EDİTH'İN ANLATIMINDAN -
Jason'ın söylediğim şey karşısında yüzü asılmıştı, öylece bana bakmaya devam etti. "Yanlış bir şey mi söyledim?"
"Edith, sen böyle değildin."
Böyle değil miydim? Bana yaşattıklarını unutuyor muydu bu kıç kafalı? Benim hislerim hiç umurunda değil miydi? O kadar dayak yemiştim ve fiziksel görünüşümü lanet sihirli elleriyle düzeltmiş olabilirdi. Ama içimde ki karmaşayı düzeltemezdi. Her şey onun suçuydu. O kadar dayak yemiştim, o kadar işkence görmüştüm. Bunların hiçbirini hak etmemiştim. Onun bana değer verip vermediğine emin değildim. Şu anda kafamdaki hiçbir düşünceyi toparlayamıyordum. Sadece Bradley'i görmek istiyordum. Çünkü o beni her zaman anlardı. Haksız ben olsam da beni hiçbir zaman bırakmamıştı. O bana tamamıyla aşıktı. Ve bana yaptığını hatırlamıştım. Evet, o bana tecavüz etmişti ve Jason bunu da beynimden silmişti. Bana tecavüz ettiği halde onu görme isteğim nereden çıkıyor bilmiyordum. Gerçekten. Sadece onu gördüğümde her şeyin düzeleceğine inanıyordum. Bilmiyorum. Kafam gerçekten çok karışıktı. Hiçbir şeye anlam veremiyordum. Sadece normal bir hayat istiyordum. Lanet olasıca normal bir hayat.

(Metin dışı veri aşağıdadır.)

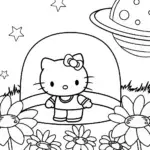 Hello Kitty in a space garden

Jason bulunduğu yerden yok oldu. İki saniye içinde elinde bir bıçakla geri döndü. "Bradley'i istiyorsan sana onu getireceğim."
Anlamsızca ona baktım. Bıçakla ne yapacağını bilmiyordum. Jason, duvara doğru yürümeye başladı. Duvarın tam önünde durdu ve elini kesti. Elinde ki kanlar ile duvara bir şeyler çizmeye başladı. Anlamsızca onu izlemeye devam ettim.
"Neler oluyor?"
Sesin geldiği yöne baktım. Kapıda birisi duruyordu. Uzun boylu, açık kahverengi saçlı ve yeşil gözlüydü. Bu da kimdi? Bradley'e gerçekten çok benziyordu. Ama saçları kısaydı. Bradley saçını mı kestirmişti?
"Bradley?"
Jason'a tekrar baktım. Duvara hala sembol çizmekle meşguldü. Kafasını çevirmeden, "O Bradley değil," diye yanıtladı Jason. Tanrım, ona gerçekten çok benziyordu.
"Balthazar," diye düzeltti kapıdan içeri girip, Jason'a doğru yürürken. "Zachriel, benim kardeşim." Anlamsızca bakışlarımı ona da yönelttikte sonra Jason'a bakmaya devam ettim. Jason çizdiği üçgenin boş kalan kenarlarına, 'ZACH,RI,EL' yazdı. Daha sonra kestiği elini çizdiği sembolün üzerine bastırdı.
"Edith." Bradley yattığım yatağın ucunda belirdi. Tanrım.
"Bradley."
Doğrulmaya çalıştım. Bradley bana yaklaştı. Arkamda ki yastıkları düzelterek oturmama yardım etti. Daha sonra yatağın kenarına oturdu. Kaburgalarım parçalanmış gibi hissediyordum. Yüzümü buruşturdum.
"Sen iyi misin?"
"İyiyim."
Uzanıp ona sarıldım. Bu iyi hissettirmişti. "Sözünü tutmak için mi böyle davranıyorsun?" diye fısıldadı.
İlk önce ne dediğini anlamamıştım. Daha sonra aklıma, ona onu bırakmayacağıma dair söz verdiğim geldi. Hayır, ona söz verdiğim için değildi. Sanırım. Yani aklımdan bile geçmemişti. Bilmiyorum.
Bradley'nin cevap vermemi beklediğini biliyordum ama ne diyeceğimi bilemiyordum. En sonunda, "Hayır," diye fısıldadım. "Onunla bir alakası yok."
Geri çekilip, yastığa yaslandım. Bradley kafasını çevirdi. "Balthazar, senin burada ne işin var?"
Balthazar denen kişi, eliyle Jason'ı gösterip, gülümseyerek, "Yardım ediyorum," dedi.